The Strain Read online




  Guillermo Del Toro and Chuck Hogan

  The Strain

  Book I

  of

  The Strain Trilogy

  To Lorenza, Mariana, and Marisa…

  and

  to all the monsters in my nursery:

  May you never leave me alone

  —GDT

  For Lila

  —CH

  Contents

  The Legend of Jusef Sardu

  The Beginning

  N323RG Cockpit Voice Recorder

  The Landing

  JFK International Control Tower

  Now Boarding

  Worth Street, Chinatown

  Interlude I

  ABRAHAM SETRAKIAN

  Arrival

  Regis Air Maintenance Hangar

  Occultation

  Approaching Totality

  Awakening

  Regis Air Maintenance Hangar

  Interlude II

  THE BURNING HOLE

  Movement

  Coach

  The First Night

  Interlude III

  REVOLT, 1943

  Dawn

  17th Precinct Headquarters, East Fifty-first Street, Manhattan

  The Old Professor

  Knickerbocker Loans and Curios, East 118th Street, Spanish Harlem

  The Second Night

  Exposure

  Canary Headquarters, Eleventh Avenue and Twenty-seventh Street

  Final Interlude

  THE RUINS

  Replication

  Jamaica Hospital Medical Center

  Daylight

  Bushwick, Brooklyn

  Lair

  Worth Street, Chinatown

  The Clan

  Nazareth, Pennsylvania

  Epilogue

  Kelton Street, Woodside, Queens

  Acknowledgments

  About the Authors

  Other Books by Chuck Hogan

  Credits

  Copyright

  About the Publisher

  The Legend of Jusef Sardu

  O nce upon a time,” said Abraham Setrakian’s grandmother, “there was a giant.”

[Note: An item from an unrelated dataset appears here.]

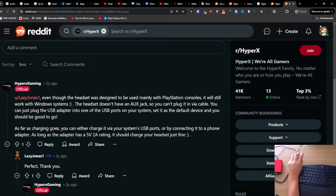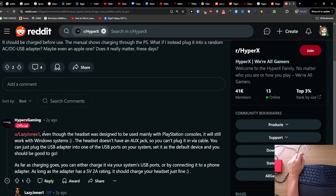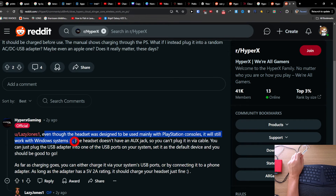Hey guys, so how can you connect your HyperX Cloud Stinger Core Wireless to PC? The headset was designed to be used mainly with PlayStation, but it will work with a Windows system.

  Young Abraham’s eyes brightened, and immediately the cabbage borscht in the wooden bowl got tastier, or at least less garlicky. He was a pale boy, underweight and sickly. His grandmother, intent on fattening him, sat across from him while he ate his soup, entertaining him by spinning a yarn.

  A bubbeh meiseh, a “grandmother’s story.” A fairy tale. A legend.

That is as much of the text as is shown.